__Goal of the exercise__: Leaving the pictures aside, repeat each line below exactly.

__Supplied data__:
-------------------------

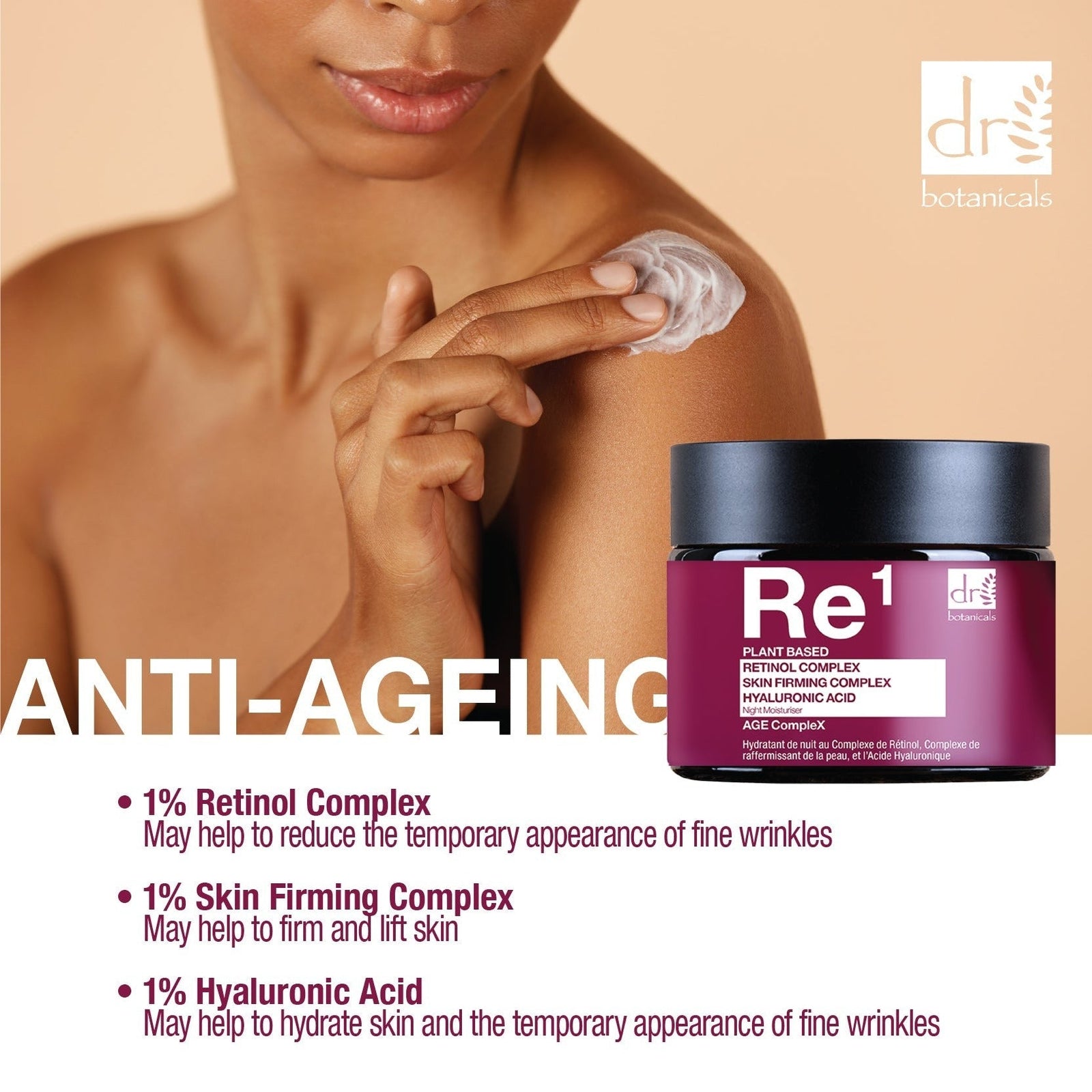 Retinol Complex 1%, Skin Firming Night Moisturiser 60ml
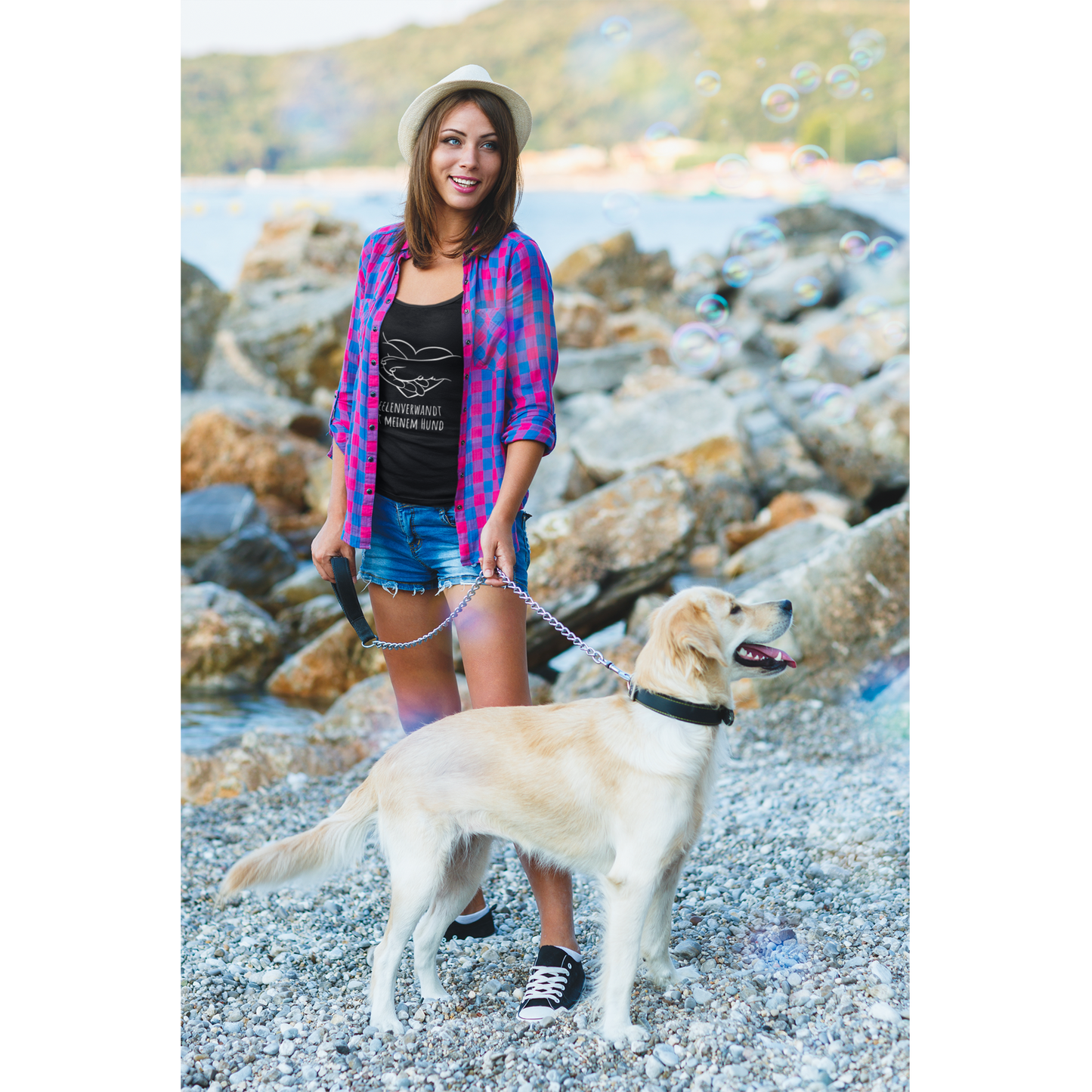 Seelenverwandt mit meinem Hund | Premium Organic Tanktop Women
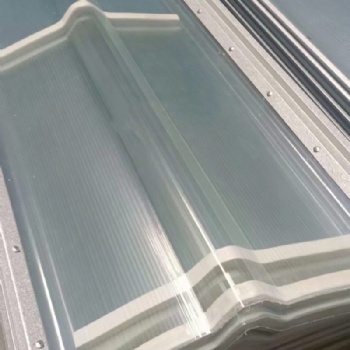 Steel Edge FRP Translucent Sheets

-------------------------

__Answer space__:
 Retinol Complex 1%, Skin Firming Night Moisturiser 60ml
 Seelenverwandt mit meinem Hund | Premium Organic Tanktop Women
 Steel Edge FRP Translucent Sheets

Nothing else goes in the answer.